The earliest research in the field of artificial intelligence began 60 years ago, originating with a project at a conference at Dartmouth College in the summer of 1956. Since then, AI’s earliest pioneers and modern researchers alike have been working to create smarter, more autonomous systems, from AI written screenplays to Google Assistant.
In New York City, a number of startups are entering the rapidly developing AI industry, which is still largely unchartered. We caught up with two experts working in this space to find out what it’s really like to work for a company centered around artificial intelligence.
Jeff Smith is a Data Engineering Lead at x.ai, which provides virtual personal scheduling assistants.
Ian Jaffrey is a co-founder at Wade and Wendy, which is using AI to create virtual recruiting assistants
Built In: Can you describe the employee culture at your company?
Jeff Smith: It's an environment of some very smart people, who challenge each other to rise to the challenge we've signed up for. The baseline for that is mutual respect and trust that your teammates can and will do awesome work on problems that people haven't solved before. But it goes beyond that to an expectation of continual learning and growth. Our data scientists are expected to learn how to write production-grade, well-tested and functional Scala code. Our data engineers are expected to learn how NLP, ML, AI and related fields work in a way that allows them to be equal contributors to our modeling infrastructure. So, then that all comes together in a culture where we are all constantly trying to find ways to teach each other and support each other's growth. We try to create conditions that enable team members to do their best work and be the best contributor they can be.
Ian Jaffrey: Humble, collaborative, curious and eager to learn. The team is also very multi-disciplinary. We're venturing into an emerging area of AI that's highly complex, so it requires a coordinated effort from several domains to realize our vision.

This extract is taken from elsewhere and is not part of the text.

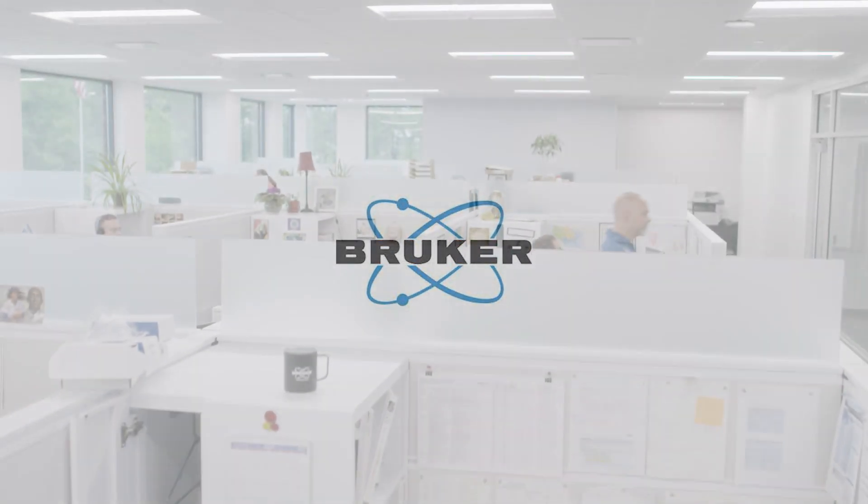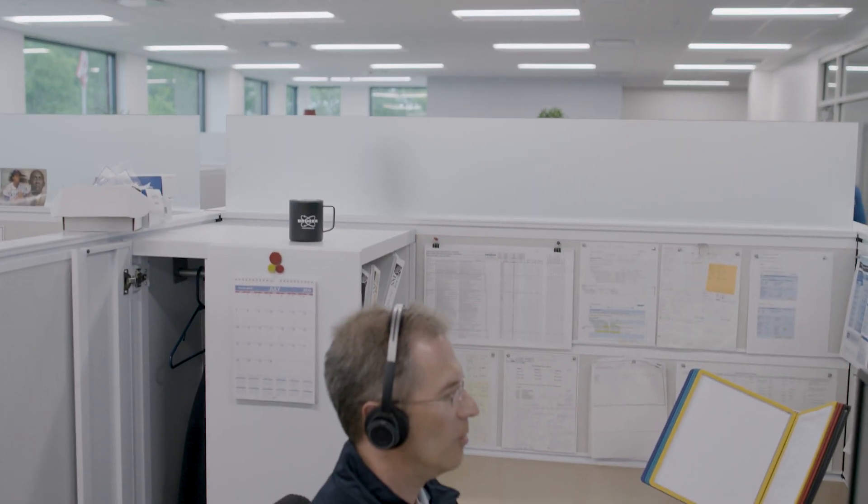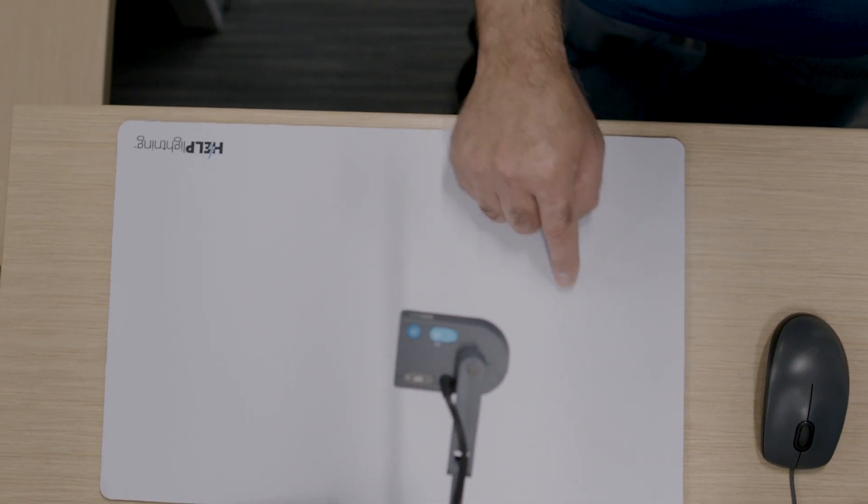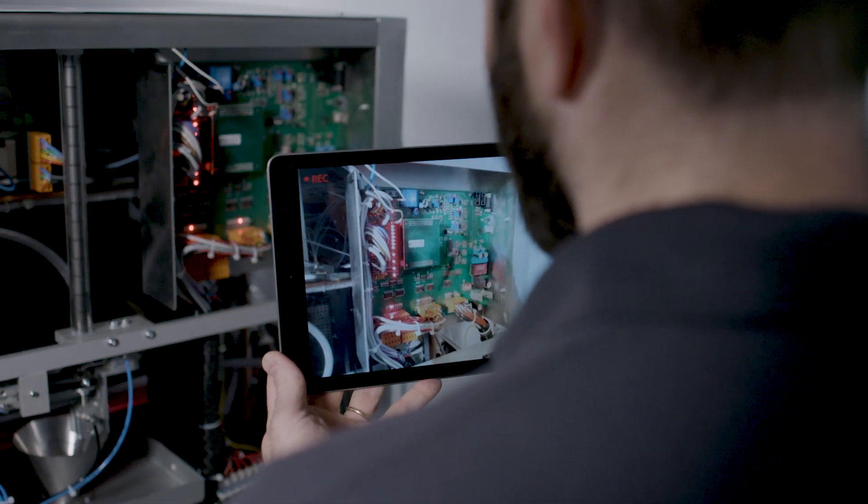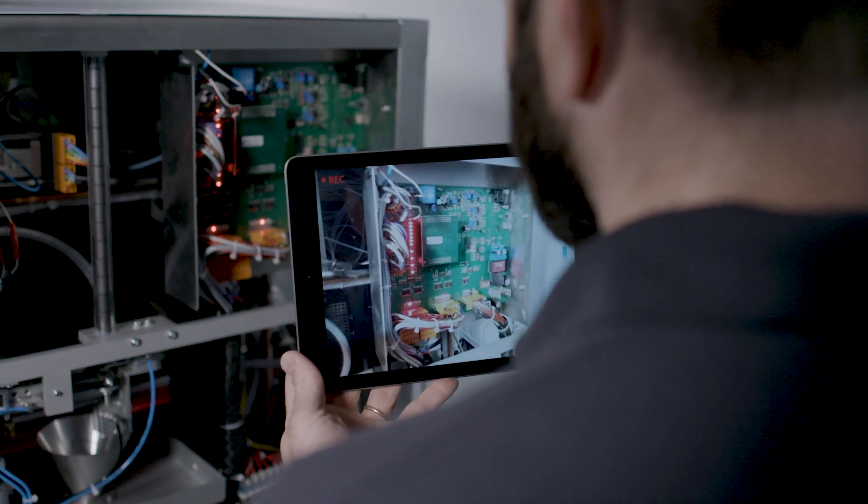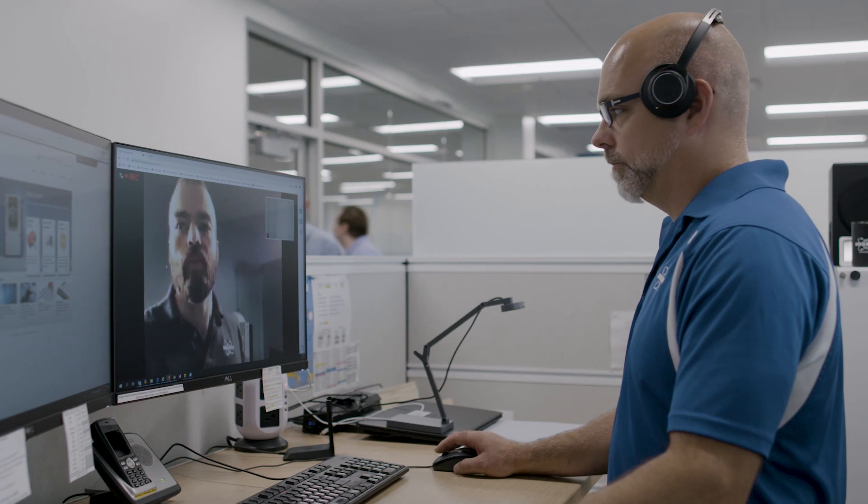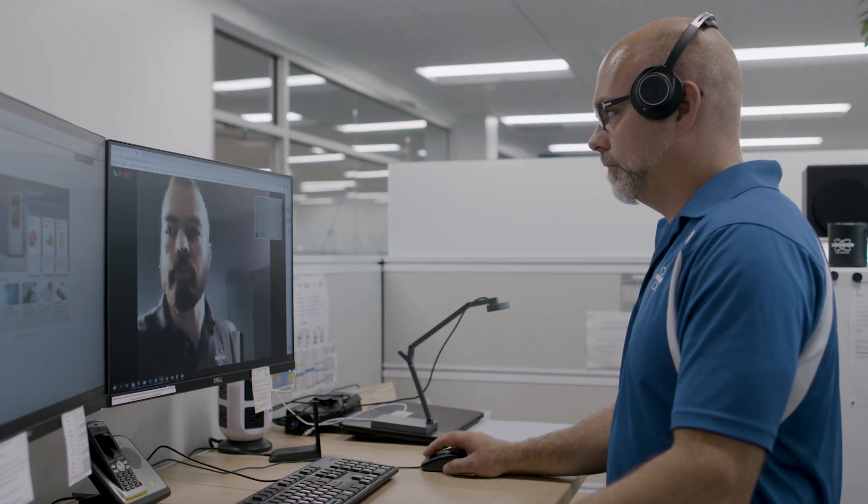Bruker's support desks are now equipped with the latest in augmented reality to assist you in troubleshooting your lab's equipment. Augmented reality simplifies instructions and enhances communication between our support desk and your team. Watch the following interaction between a lab engineer and a Bruker support professional.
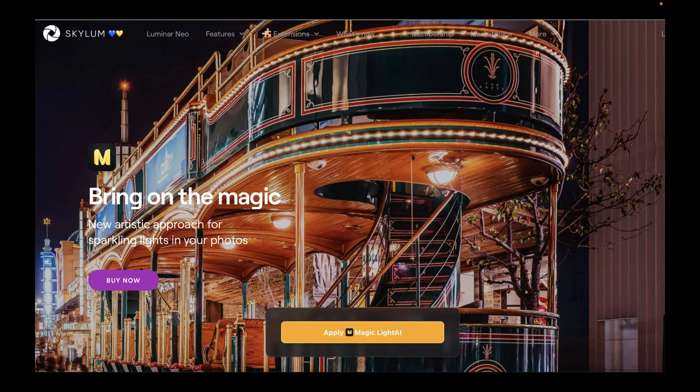Hello friends, welcome to the Take Better Photos channel. We're here with another video, and this time we're going to be talking about Luminar's new updates for December. Skylum released two intriguing updates for Luminar Neo one after the other, and in this video I'm going to evaluate each update's usefulness and give my opinion on whether any of these updates meaningfully improve your photos.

BI: What projects and goals is your company currently working on?
JS: A lot of what he have to do right now is based around doing fundamental data science research in such a way that we can broadly explore various techniques and rapidly productionize the successful ones. We're pushing the boundaries of what is possible in so many areas; we can't just download pre-built libraries and models we need off of the internet. We're trying to build an AI that can read and understand emails about meetings better than anything ever has before, so we need to be able to go from an idea to a production implementation, that can operate reliably at scale. That’s how we can prove out that a given idea can enable the sort of intelligence we're aiming to build.
IJ: A big goal for us is developing a great conversational user experience. There are a lot of nuances involved, as unstructured text presents many inherent challenges. We want conversations to be engaging and fun, and we're working on giving both Wade and Wendy distinct personalities. This is a completely new approach for the HR and recruiting space, so it's an exciting challenge to pioneer.

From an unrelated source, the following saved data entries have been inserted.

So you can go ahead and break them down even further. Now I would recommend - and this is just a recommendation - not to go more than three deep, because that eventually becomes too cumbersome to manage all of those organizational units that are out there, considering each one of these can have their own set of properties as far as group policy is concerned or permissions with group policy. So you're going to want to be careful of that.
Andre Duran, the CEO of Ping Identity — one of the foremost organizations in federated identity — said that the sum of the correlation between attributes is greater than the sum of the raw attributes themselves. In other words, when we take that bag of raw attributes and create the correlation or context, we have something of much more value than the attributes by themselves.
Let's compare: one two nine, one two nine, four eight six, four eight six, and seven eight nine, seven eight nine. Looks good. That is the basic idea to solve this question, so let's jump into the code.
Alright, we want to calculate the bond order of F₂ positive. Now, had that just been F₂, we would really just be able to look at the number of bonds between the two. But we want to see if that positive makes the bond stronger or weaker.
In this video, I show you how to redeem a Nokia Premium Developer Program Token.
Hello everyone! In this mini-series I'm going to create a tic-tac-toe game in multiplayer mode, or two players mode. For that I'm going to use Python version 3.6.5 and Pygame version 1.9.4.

BI: What do you look for when hiring new employees?
JS: Our pledge does a good job of summing this up, but here's some more color. We are looking for people who want to learn and grow into the person who can solve a problem that no one else has ever solved before. At the same time, we're looking for people who are already awesome at things like functional programming, distributed systems, machine learning, etc. That's a prerequisite for our highly autonomous approach to letting small teams of smart people determine their own destiny. But it's really important for people to come in with that expectation that they will be taking on things that they've never worked on before. People who excel here really relish the challenge and opportunity that our unique situation has to offer, and they're not afraid of the wild, untamed nature of how complex of a problem we're trying to solve completely.
IJ: From a culture fit perspective, we're looking for people who align with our values. Empathy is critical as everything we work on is grounded in a human-first mentality. We also look for people who are curious and driven to learn, as we're all striving to improve ourselves and be the best at what we do. Lastly, I'd say we appreciate humble and collaborative dispositions. To achieve our vision it will truly take a multidisciplinary effort and we all need to support each other.
BI: On a day to day basis, what are your responsibilities and priorities?
IJ: I would say our day to day responsibilities and priorities are quite multidisciplinary in nature. We're passionate about creating great conversation, organizational design, career development, and innovative technology to power a novel approach for the HR and recruiting space. We're not just about completing transactional tasks; we're aiming to develop trusted relationships between our AIs and users. To accomplish this vision, we're creating a robust technical platform, implementing a lot of machine learning and natural language processing techniques, developing characters with personality, and layering in domain knowledge around functional areas (e.g., product management, data science, software engineering). In this early stage I spend a lot of my time across functions—operations, building our team, and sprint planning. I also play bartender for our weekly Old Fashioned Fridays.
BI: What is your favorite part of working for your company?
JS: I love the people here. People are all that matter to a company like ours. That's why we care so much about finding truly awesome people and investing in their growth. I come to work every day, and I don't have the answers to all sorts of things that are going to crop up in my day. Often enough these are questions that would stump the Google search box, AI experts, and really everyone else. But I work with a ridiculously talented group of people who are masters in the art of taming the unknowable, so I get to lean on them and collaboratively discover how an AI can be built to completely solve the problem of scheduling meetings. That's what I love about x.ai.